At the second ALJ hearing, the ALJ posed several scenarios to the vocational expert. The expert testified that the hypothetical individual with Pearson’s disabilities would have been unable to perform Pearson’s previous jobs, but that Pearson could perform many other jobs in the national economy The expert did not mention any conflicts between his testimony and what is contained within the Dictionary of Occupational Titles (“Dictionary”). As such, the ALJ affirmed its initial denial of benefits to Pearson. The ALJ concluded the Pearson could not perform his past jobs, but that he could perform jobs that exist in a significant number in the national economy. The Appeals Council denied a second review. Next, Person filed this action in federal court. The magistrate judge recommended a grant of summary judgment for the Social Security Administration Commissioner (“Commissioner”). Person filed objections, but the district court adopted the magistrate judge’s recommendation.

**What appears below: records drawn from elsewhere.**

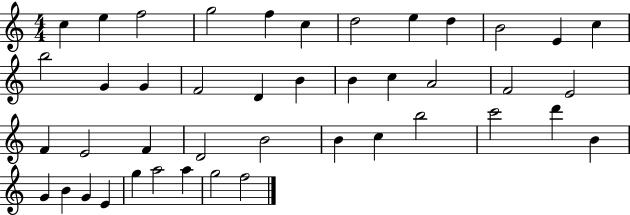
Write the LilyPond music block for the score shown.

{
  \clef treble
  \numericTimeSignature
  \time 4/4
  \key c \major
  c''4 e''4 f''2 | g''2 f''4 c''4 | d''2 e''4 d''4 | b'2 e'4 c''4 | \break b''2 g'4 g'4 | f'2 d'4 b'4 | b'4 c''4 a'2 | f'2 e'2 | \break f'4 e'2 f'4 | d'2 b'2 | b'4 c''4 b''2 | c'''2 d'''4 b'4 | \break g'4 b'4 g'4 e'4 | g''4 a''2 a''4 | g''2 f''2 | \bar "|."
} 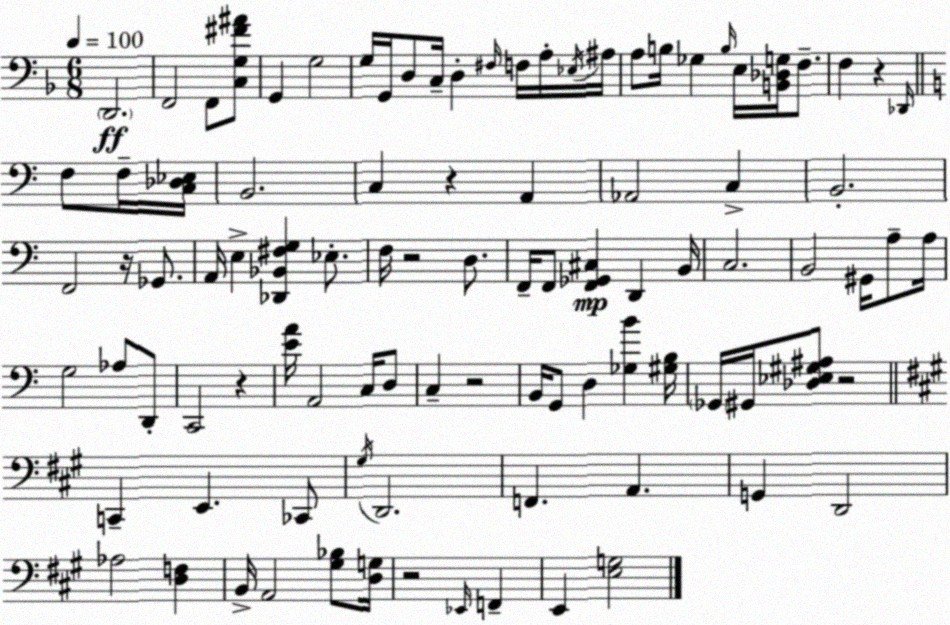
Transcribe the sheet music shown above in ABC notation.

X:1
T:Untitled
M:6/8
L:1/4
K:F
D,,2 F,,2 F,,/2 [C,G,^F^A]/2 G,, G,2 G,/4 G,,/4 D,/2 C,/4 D, ^F,/4 F,/4 A,/4 _E,/4 ^A,/4 A,/2 B,/4 _G, B,/4 E,/4 [B,,_D,G,]/4 F,/2 F, z _D,,/4 F,/2 F,/4 [C,_D,_E,]/4 B,,2 C, z A,, _A,,2 C, B,,2 F,,2 z/4 _G,,/2 A,,/4 E, [_D,,_B,,^F,G,] _E,/2 F,/4 z2 D,/2 F,,/4 F,,/2 [F,,_G,,^C,] D,, B,,/4 C,2 B,,2 ^G,,/4 A,/2 A,/4 G,2 _A,/2 D,,/2 C,,2 z [EA]/4 A,,2 C,/4 D,/2 C, z2 B,,/4 G,,/2 D, [_G,B] [^G,B,]/4 _G,,/4 ^G,,/4 [_D,_E,^G,^A,]/2 z2 C,, E,, _C,,/2 ^G,/4 D,,2 F,, A,, G,, D,,2 _A,2 [D,F,] B,,/4 A,,2 [^G,_B,]/2 [D,G,]/4 z2 _E,,/4 F,, E,, [E,G,]2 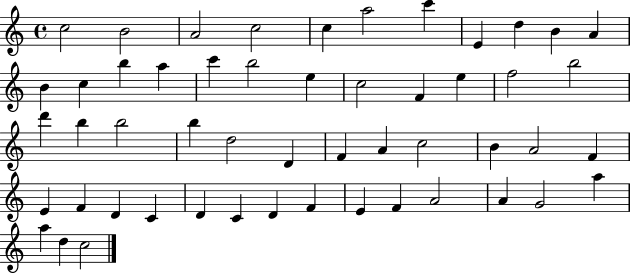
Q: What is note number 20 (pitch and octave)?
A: F4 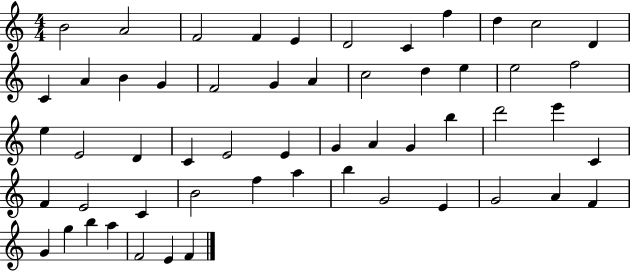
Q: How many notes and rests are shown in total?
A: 55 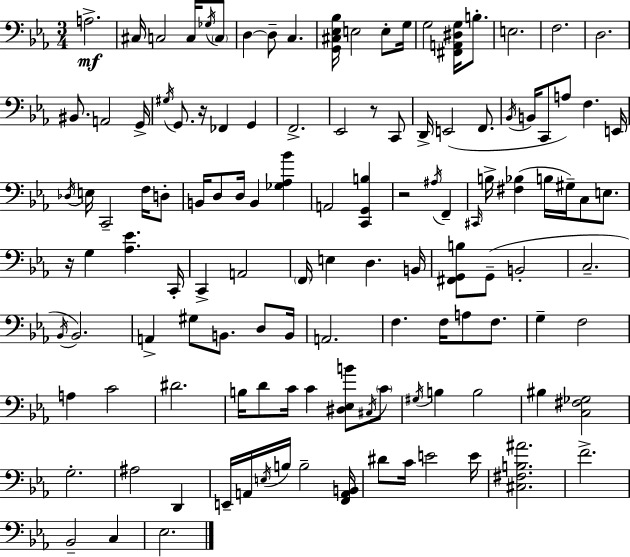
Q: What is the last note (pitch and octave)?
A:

On appeal, the Fourth Circuit noted that it must uphold the determination of the ALJ when it has applied correct legal standards and the factual findings are supported by substantial evidence. Pearson argued that the ALJ must do more than simply ask the vocational expert if his testimony conflicts with the Dictionary. The Commissioner disagreed, and argued that the ALJ only has the single “affirmative responsibility” to ask the vocational expert whether his testimony conflicts with the Dictionary. The Court agreed with Pearson and held that the ALJ must independently identify conflicts between the expert’s testimony and the Dictionary. The Court found that, in this case, the expert’s testimony conflicted with the Dictionary. However, the Court noted that this simply “means that the ALJ and the expert should address exactly what form of reaching the stated occupations require and whether the claimant can fulfill those requirements.” Therefore, in this case, the vocational expert must testify as to how many of the possible positions do not require bilateral overhead reaching so that Pearson could perform all aspects of the job. If there are a sufficient number of the positions that do not require frequent bilateral overhead reaching, then the ALJ can properly find that Pearson is not disabled.
Accordingly, the Court reversed the judgment of the district court and remanded the case with instructions to remand it to the Commissioner for further proceedings.